Успехи Сергея по классу фортепиано становились привычными, и главное место в его жизни всё более занимала композиция.
Новый педагог по теории музыки, Антон Аренский, проникся к ученику симпатией. О педагогическом даровании Антона Степановича остались отзывы весьма противоречивые. Его ценили за талант, за то, с какой лёгкостью он мог придумать задачу по гармонии и тут же её решить. Но когда дело касалось умения объяснить, нетерпеливого и вспыльчивого Аренского понимали далеко не все. Иной раз он мог довести ученика до слёз потому, что сам пребывал в скверном состоянии духа. С Рахманиновым Антон Степанович вёл себя иначе. Сергея увлекли гармония, законы голосоведения, модуляции из одной тональности в другую, и учитель с необыкновенным для него терпением помогал в решениях, пробуждая в юном консерваторце ту природой данную изобретательность, которую давно в нём распознал. За сочинённые в курсе гармонии пьесы Рахманинов получал и «хорошо», и «очень хорошо», и даже «отлично». Когда же в конце учебного года ученик принёс десять написанных пьес, Аренский каждую отметил высшим баллом.
Экзамен шёл долго. Задание гармонизовать мелодию Гайдна для Рахманинова особой сложности не представило. А вот написать прелюдию от шестнадцати до тридцати тактов с двумя органными пунктами на тонике и доминанте, найти верную модуляцию из одной тональности в другую — над этим пришлось покорпеть.
Антон Степанович получал листы учеников, недовольно морщился, с тревогой посматривал на любимца. Тот просидел над заданием дольше всех. Но когда протянул своё сочинение Аренскому, учитель улыбнулся:
— Только вам удалось уловить верный ход гармонического изменения.

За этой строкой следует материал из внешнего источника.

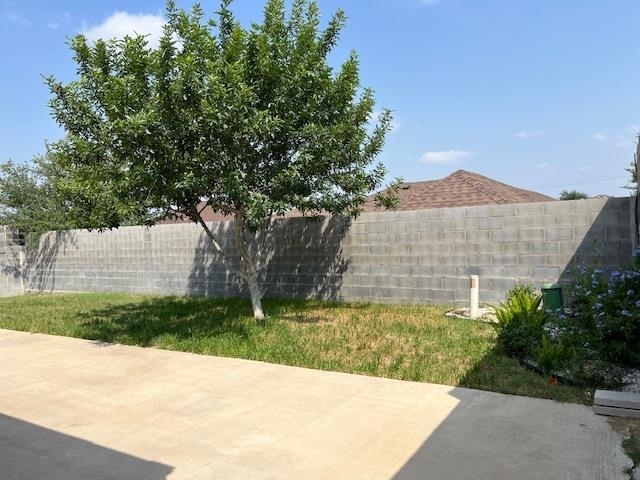 Building Photo - 3918 Ivana Ct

На следующий день студенты исполняли свои сочинения перед комиссией. Среди профессоров был и Чайковский. Сергей уже знал, что ему выставили высший балл, — за роялем был спокоен. Когда кончил играть, Антон Степанович шепнул Чайковскому о вчерашнем экзамене. Пётр Ильич благосклонно кивнул, согласился послушать. Своё сочинение Сергей сыграл наизусть. Увидел, как Чайковский взял экзаменационный журнал и что-то в нём пометил. Лишь спустя недели две Рахманинов узнает, что знаменитый композитор пятёрку с крестом окружил ещё тремя плюсами. Этот неожиданный итог Антон Степанович попытался скрыть от ученика, дабы — не дай бог — не возгордился. Но сам же в конце концов и проговорился.
За курсом гармонии — на следующий год — шёл контрапункт. Сергей Иванович Танеев к своему предмету испытывал особую слабость. Долгие годы он работал над фундаментальным трудом — «Подвижной контрапункт строгого письма». Полифония старых голландцев (та музыка, которую любят немногие, и у большинства студентов от неё сводит скулы) виделась Танееву началом всех начал, тем более что правила ведения голосов, их сочетания, которые ещё в добаховские времена стали редкостью, — одна из основ в подготовке будущих композиторов. Тема и её возможные превращения — движение задом наперёд (ракоход), зеркальное отражение (тема «вниз головой»), проведение темы в увеличении или в уменьшении (медленнее или быстрее) — всё, что приводило в восторг Танеева, повергало в тоску его учеников. И Рахманинов, и его сокурсник Скрябин отлынивали от этих задач как могли. То пропускали уроки, то приходили, не выполнив задания, ссылаясь на фортепианные занятия.